Web Accessibility Initiative – Accessible Rich Internet Applications (WAI-ARIA) is a technical specification published by the World Wide Web Consortium (W3C) that specifies how to increase the accessibility of web pages, in particular, dynamic content, and user interface components developed with Ajax, HTML, JavaScript, and related technologies.

In the 15 September 2008 working draft, SVG 1.2 Tiny added support for WAI-ARIA. On 20 March 2014, WAI-ARIA 1.0 became a completed W3C Recommendation.

Scope
Web developers increasingly use client-side scripts to create user interface controls that cannot be created with HTML alone. They also use client-side scripts to update sections of a page without requesting a completely new page from a web server. Such techniques on websites are called rich Internet applications. These user interface controls and content updates are often not accessible to users with disabilities, especially screen reader users and users who cannot use a mouse or other pointing device. WAI-ARIA allows web pages (or portions of pages) to declare themselves as applications rather than as static documents, by adding role, property, and state information to dynamic web applications. ARIA is intended for use by developers of web applications, web browsers, assistive technologies, and accessibility evaluation tools.

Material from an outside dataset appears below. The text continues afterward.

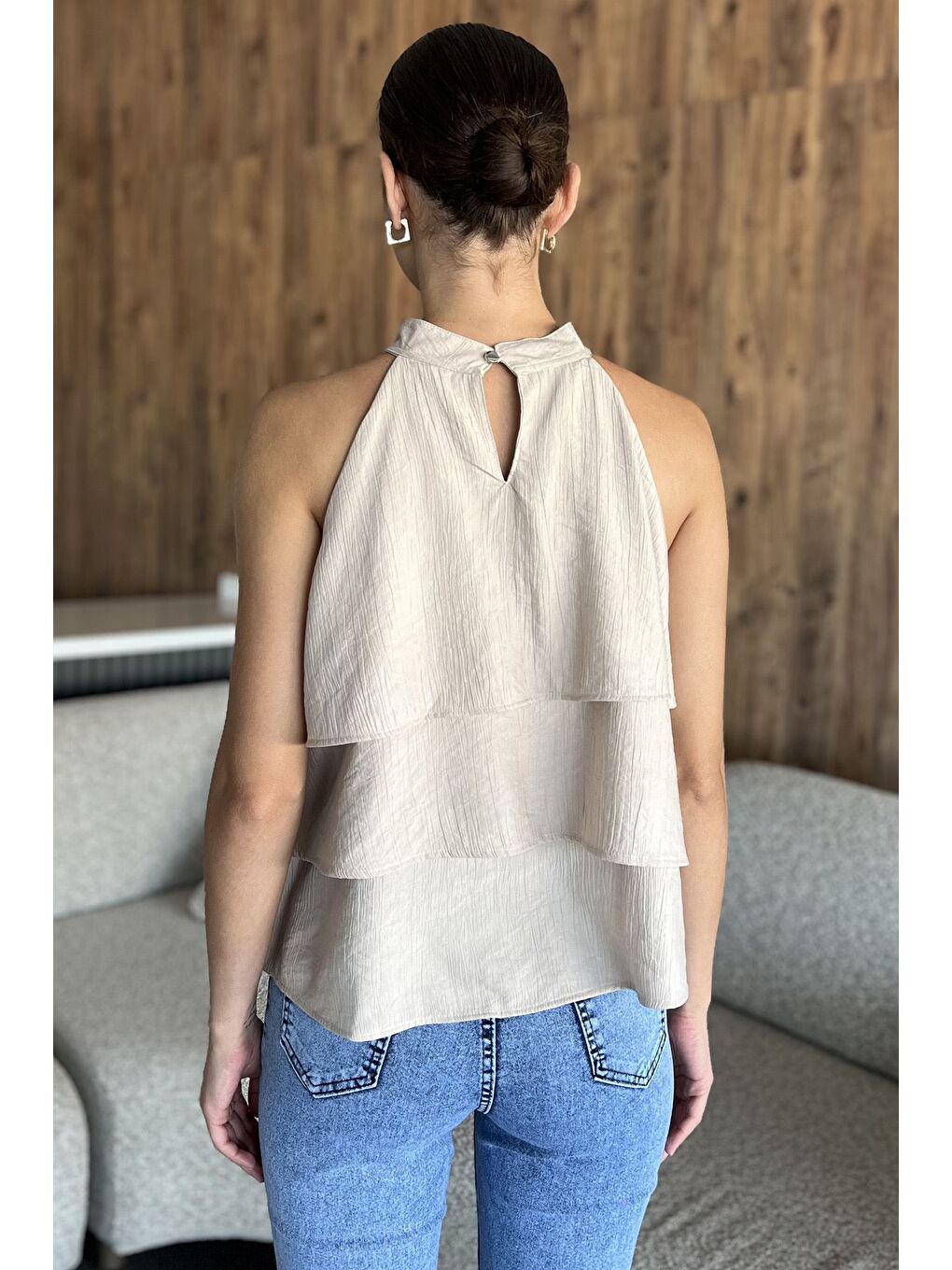 Bej Kadın Sıfır Kol Kat Kat Bluz-2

WAI-ARIA describes how to add semantics and other metadata to HTML content in order to make user interface controls and dynamic content more accessible. For example, with WAI-ARIA it is possible to identify a list of links as a navigation menu and to state whether it is expanded or collapsed. Although originally developed to address accessibility issues in HTML, the use of WAI-ARIA is not limited to HTML: in principle, it can also be used in other markup languages such as Scalable Vector Graphics (SVG).

Documents
The Web Accessibility Initiative has published an overview of WAI-ARIA that introduces the subject and guides readers to the WAI-ARIA Suite documents:

 Accessible Rich Internet Applications (WAI-ARIA) Version 1.0
This is primarily aimed at developers of Web browsers, assistive technologies, and other user agents, in addition to developers of other technical specifications, and developers of accessibility evaluation tools. The WAI-ARIA has been marked as completed on 20 March 2014 and is therefore a W3C recommendation.
 WAI-ARIA Overview
 This is a technical introduction to WAI-ARIA. It describes the problems WAI-ARIA tries to address, the underlying concepts, the technical approach and business reasons for adopting WAI-ARIA.
 WAI-ARIA Authoring Practices
This document describes best practices for delivering rich Internet applications with WAI-ARIA: it discusses subjects such as general steps for building accessible widgets, keyboard navigation, relationships, form properties, drag-and-drop support, alert and dialog boxes, reusable component libraries, and testing.
 Roadmap for Accessible Rich Internet Applications (WAI-ARIA Roadmap)
 Much of the content of this document has been moved into other documents.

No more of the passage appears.